One of the hardest workers on the Steelers, Parker all but laughed when asked if he's physically ready to handle a heavy workload.
"I'm ready, man," he said.
Where might the Steelers be most improved this season?
The Steelers made a quantum leap in their special teams play in 2008, and they could be even better this season.
Stefan Logan should provide a much-needed spark to the kickoff and punt return games that ranked near the bottom of the NFL last season. Just as significant is the return of punter Daniel Sepulveda from a knee injury that cost him the entire 2008 season.

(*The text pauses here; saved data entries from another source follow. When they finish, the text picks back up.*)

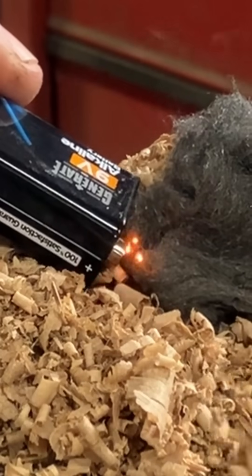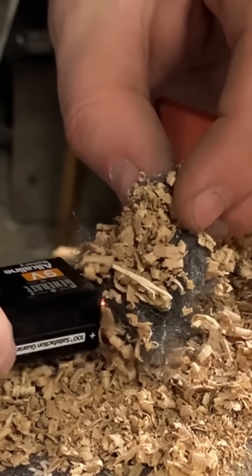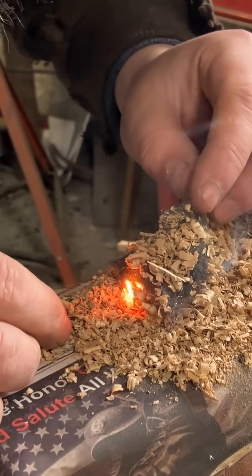I will admit it took me a couple tries, but I remembered that fire likes air so I spread out the fibers of that steel wool. And with the breath of life we've finally had some fire.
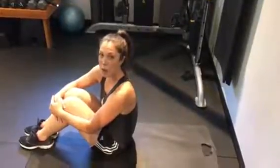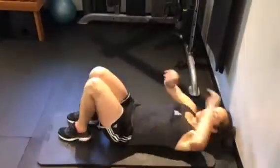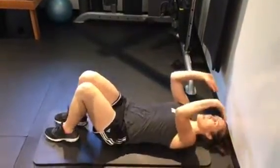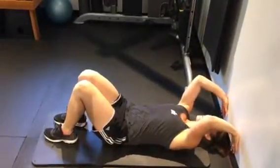This exercise is called wall press abs. Lay down with your head really close to the wall, maybe an inch away, then take your palms and push them up against the wall with your fingers down really close to your ears.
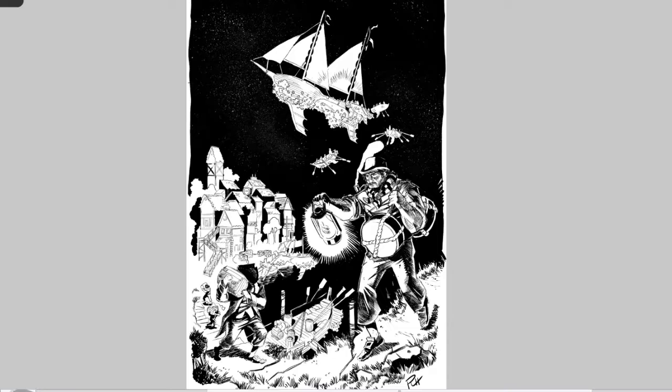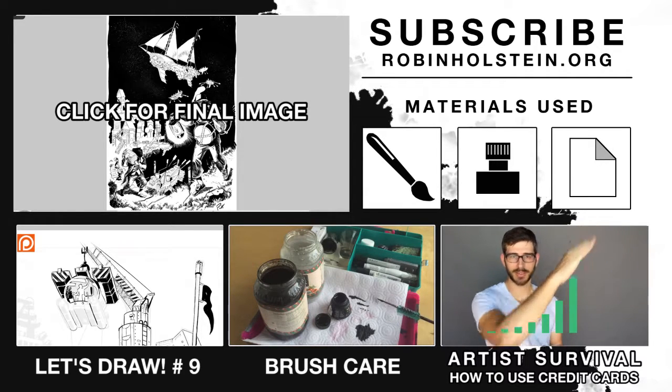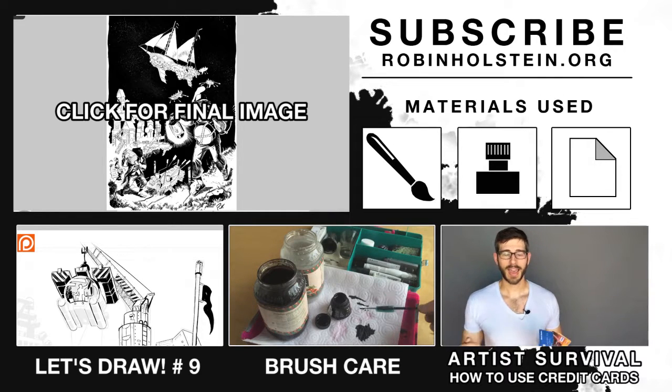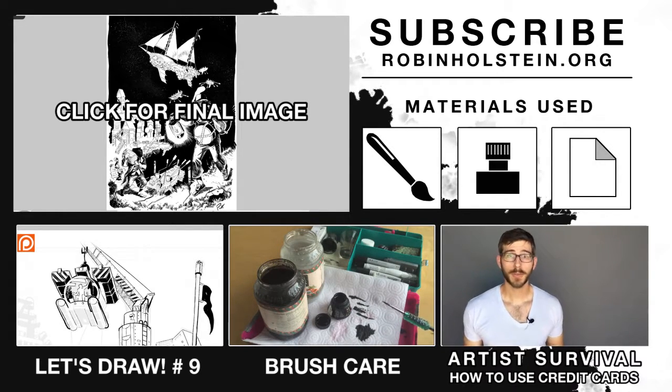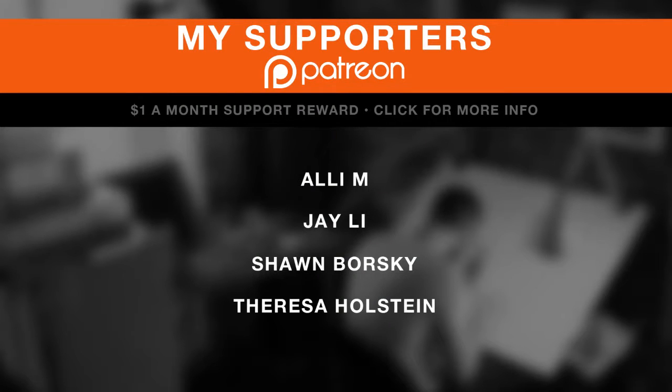That wraps up Let's Draw number 10 — made it to double digits, which is exciting. Please like, share, and subscribe to the channel, and sign up for my newsletter at RobinHolstein.org — you'll get a unique image of art sent once a month that I won't share anywhere else. Check out Robin Holstein on Patreon — your support is greatly appreciated. As a perk, your name appears at the end of this video for being a dollar-a-month donor. Also check out RobinHolstein.org for merchandise, books, and original art. Have a great day!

Sepulveda said earlier this week that his goals are for the Steelers to finish in the top five in net punting average — they were tied for 25th in the NFL in that category last season — and for him to place at least 40 percent of his punts inside the opponents' 20-yard line.
Given the way that he boomed the ball during the preseason, both goals appear to be attainable.
"Found a rhythm in the preseason," Sepulveda said, "and looking forward to carrying that momentum into the season when we start keeping score."
Which rookie will have the biggest impact?
The two to watch are running back Frank Summers and wide receiver Mike Wallace.
Summers showed the Steelers enough during the preseason for them to part ways with Carey Davis, and he will serve as Parker's lead blocker.
Wallace, meanwhile, has made enough progress that he will share the No. 3 wide receiver duties with Limas Sweed. Perhaps the fastest player on the Steelers, Wallace will provide the team with another deep threat in the passing game.